I will conclude with a perhaps churlish qualm or cranky misgiving, not so much about the quality of this volume on the terms it has set itself with respect to artistic modernism and Deleuze and Guattari, but rather to extensions of the modern that seem essential 'in these times', as they say. The worry came about when reading the outstanding glossary entry on the rhizome, written by Eugene Holland. He is one of the foremost and most impassioned commentators on Deleuze and Guattari and politics, in particular in relation to their critique of global capitalism. So, in reflecting upon the idea of the 'rhizome-book' he remarks that 'the aim of such a book . . . is not to represent the world as it is or what it means, but to survey and map its tendencies and becomings, for better and for worse, so as to be able to affirm the former and avert the latter' (272). It is of course no coincidence that Holland reminds us of the debt to Marx in Deleuze and Guattari and political modernism.
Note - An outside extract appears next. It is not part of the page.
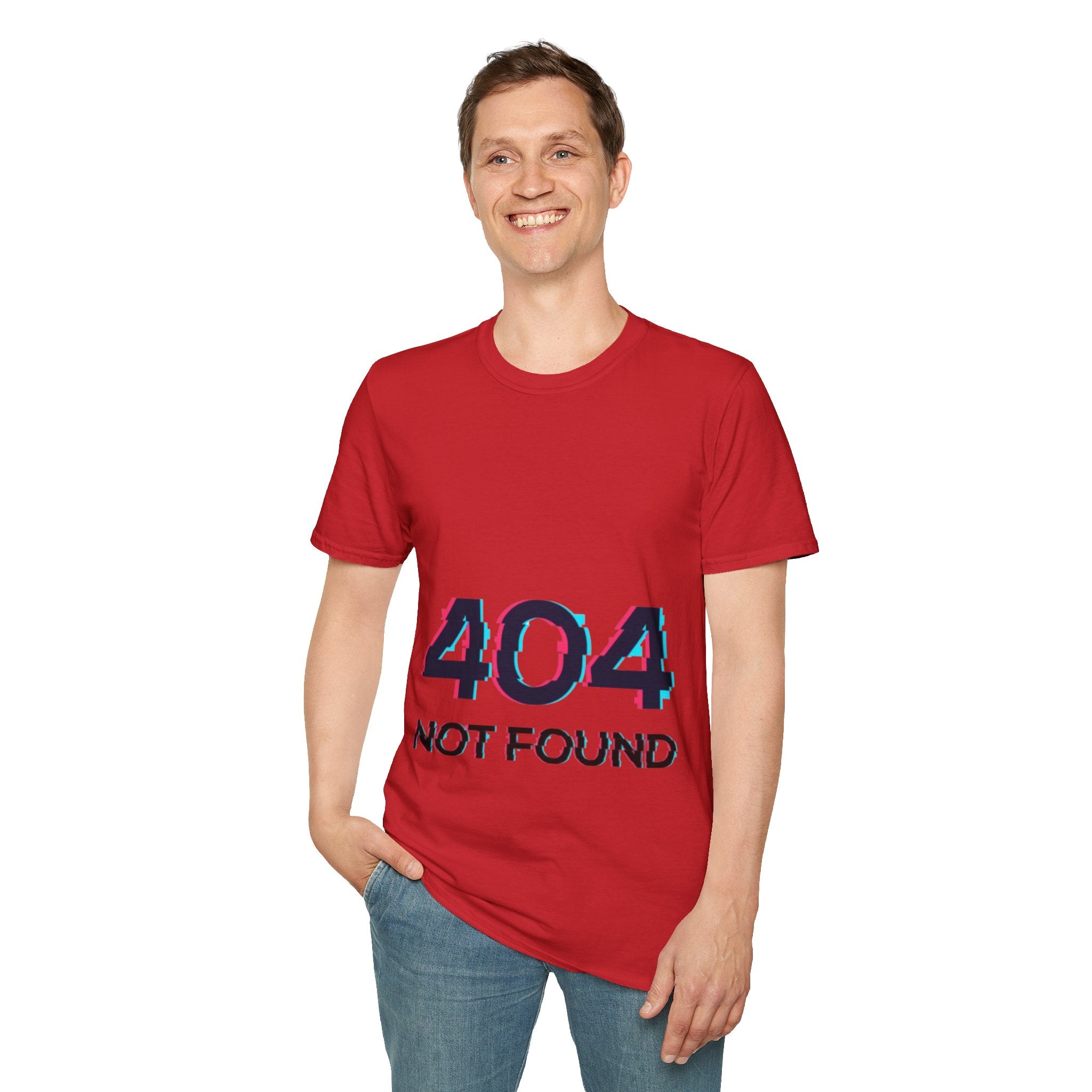 404 Error Shirt for Men – Quirky Tech Humor Tee, Casual Everyday Wear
This progressive political and philosophical side of modernism is strangely lacking in the book. It is an absence that cannot be seen as a flaw on its own terms, yet it made me feel uneasy and fleetingly sad. I wanted to scream a new slogan: Modernism is collectively political, or it dies. No doubt the authors will respond that their works are political in the sense of seeking to change situations for the better on a micro-political plane. True. Yet I sensed too great an emphasis on individual ills and local connections, rather than collective action, for either Deleuze or modernism to be up to the challenges of the collapse of progressive late-modern societies and their eyeless tottering into something far worse.
This nonsense would surely have been enough to make Marx long for the philosophical sobriety of Bruno Bauer.